If the ball moves from the top to the bottom with a speed of 14 m/s,neglecting the air resistance,how to find the height (h) ?

[dknt]

(Original post by MAA_96)
If the ball moves from the top to the bottom with a speed of 14 m/s,neglecting the air resistance,how to find the height (h) ?

I assume neglecting friction is in there too. The fact that the slide is oddly shaped doesn't matter. Consider the energy of the ball at the beginning and the end. Since there is no resistance there is no loss of energy i.e. Initial GPE = Final KE. You should find the mass terms cancel, giving you "h".

[MAA_96]

So ,mgh=mv^2 and we can cancel mass terms right ?

[dknt]

(Original post by MAA_96)
So ,mgh=mv^2 and we can cancel mass terms right ?

*(1/2)mv^2, and yes, the m will cancel.

[MAA_96]

But can we use the equation of motion to find the height ?

By using this equation





Vf= 14
Vi = 0
a = 9,8
d = ?

14^2 = 0 + 2*( 9,8) d
196 = 19,6 d
d = 10

[dknt]

(Original post by MAA_96)
But can we use the equation of motion to find the height ?

By using this equation





Vf= 14
Vj = 0
a = 9,8
d = ؟

14^2 = 0 + 2*( 9,8) d
196 = 19,6 d
d = 10

No, that's only for constant acceleration.

[MAA_96]

(Original post by dknt)
No, that's only for constant acceleration.

But ,why in the problem there is not constant acceleration ?

[dknt]

(Original post by MAA_96)
But ,why in the problem there is not constant acceleration ?

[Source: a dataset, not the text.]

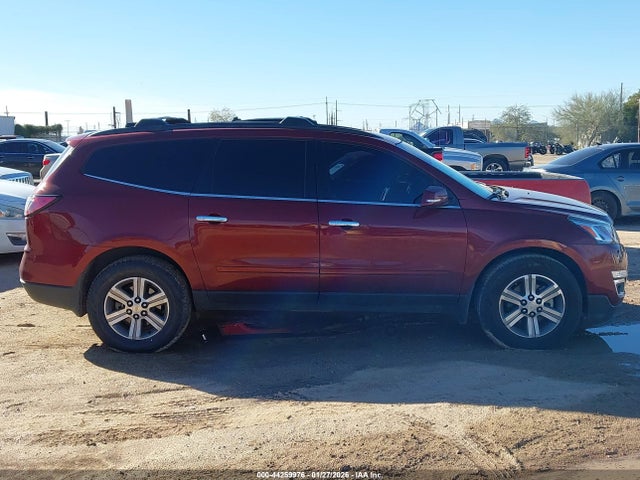 1GNKVHKDXHJ338057 Chevrolet Traverse 2lt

Would you go down that slide at the same rate as gravity would take you down? If one person went done the slide and another jumped off from the same height, they would not reach the ground at the same time. Even if the slide was straight diagonal, and was frictionless, the acceleration would be constant, but not 9.81m/s^2

[Stonebridge]

(Original post by MAA_96)
But ,why in the problem there is not constant acceleration ?

The steeper the slide, the greater the acceleration.
It has to be straight for the acceleration to be constant.
It will always be less than "g" except in the case where the slide is vertical.